You can use a combination of JSoup and HtmlUnit to get the page contents after JavaScript scripts are done loading.
pom.xml
<dependency>
<groupId>net.sourceforge.htmlunit</groupId>
<artifactId>htmlunit</artifactId>
<version>3.35</version>
</dependency>
Simple Example From file https://riptutorial.com/jsoup/example/16274/parsing-javascript-generated-page-with-jsoup-and-htmunit
// load page using HTML Unit and fire scripts
WebClient webClient2 = new WebClient();
HtmlPage myPage = webClient2.getPage(new File("page.html").toURI().toURL());
// convert page to generated HTML and convert to document
Document doc = Jsoup.parse(myPage.asXml());
// iterate row and col
for (Element row : doc.select("table#data > tbody > tr"))
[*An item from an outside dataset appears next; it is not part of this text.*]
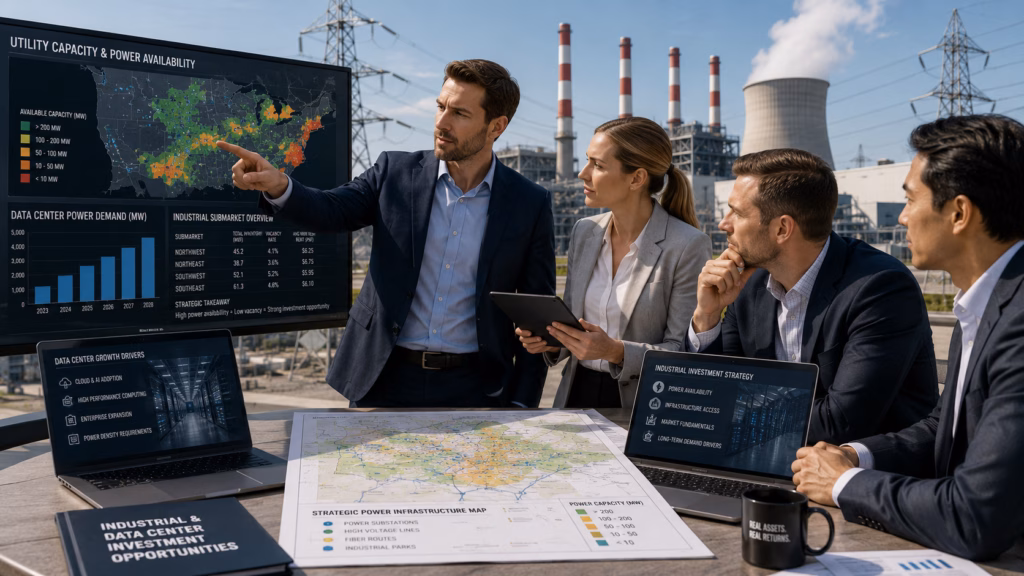 A team of commercial real estate investors standing in front of an electric power plant reviewing utility capacity maps, data center demand, and industrial property investment strategy.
for (Element col : row.select("td"))
// print results
System.out.println(col.ownText());
// clean up resources
webClient2.close();
A Complex Example: Load login, get Session and CSRF, then post and wait for home page to finish loading (15 seconds)
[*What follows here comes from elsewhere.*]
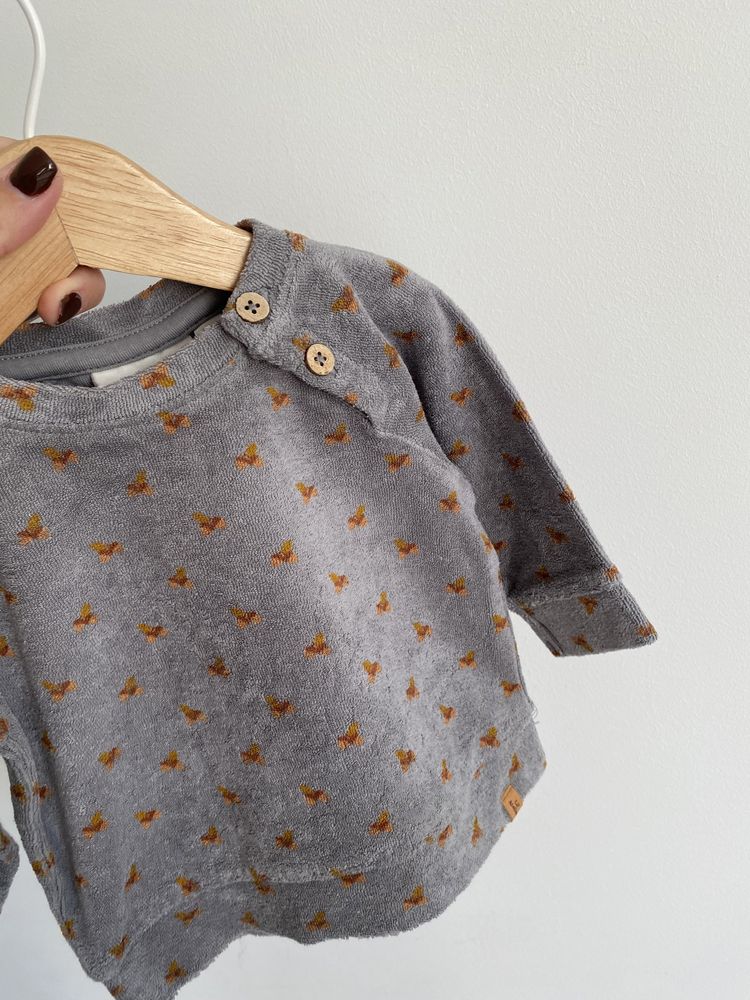 Bluza lil’ atelier szara w żołędzie 62 brązowe musztardowe jak newbie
import java.io.IOException;
import java.net.HttpCookie;
import java.net.MalformedURLException;
import java.net.URL;
import org.jsoup.Connection;
import org.jsoup.Connection.Method;
import org.jsoup.Jsoup;
import org.jsoup.nodes.Document;
import com.gargoylesoftware.htmlunit.FailingHttpStatusCodeException;
import com.gargoylesoftware.htmlunit.HttpMethod;
import com.gargoylesoftware.htmlunit.NicelyResynchronizingAjaxController;
import com.gargoylesoftware.htmlunit.WebClient;
import com.gargoylesoftware.htmlunit.WebRequest;
import com.gargoylesoftware.htmlunit.html.HtmlPage;
//JSoup load Login Page and get Session Details
Connection.Response res = Jsoup.connect("https://loginpage").method(Method.GET).execute();
String sessionId = res.cookie("findSESSION");
String csrf = res.cookie("findCSRF");
HttpCookie cookie = new HttpCookie("findCSRF", csrf);
cookie.setDomain("domain.url");
cookie.setPath("/path");
WebClient webClient = new WebClient();
webClient.addCookie(cookie.toString(),
new URL("https://url"),
"https://referrer");
// Add other cookies/ Session ...
webClient.getOptions().setJavaScriptEnabled(true);
webClient.getOptions().setCssEnabled(false);
webClient.getOptions().setUseInsecureSSL(true);
webClient.getOptions().setThrowExceptionOnFailingStatusCode(false);
webClient.getCookieManager().setCookiesEnabled(true);
webClient.setAjaxController(new NicelyResynchronizingAjaxController());
// Wait time
webClient.waitForBackgroundJavaScript(15000);
webClient.getOptions().setThrowExceptionOnScriptError(false);
URL url = new URL("https://login.path");
WebRequest requestSettings = new WebRequest(url, HttpMethod.POST);
requestSettings.setRequestBody("user=234&pass=sdsdc&CSRFToken="+csrf);
HtmlPage page = webClient.getPage(requestSettings);
// Wait
synchronized (page) {
try {
page.wait(15000);
} catch (InterruptedException e) {
e.printStackTrace();
}
}
// Parse logged in page as needed
Document doc = Jsoup.parse(page.asXml());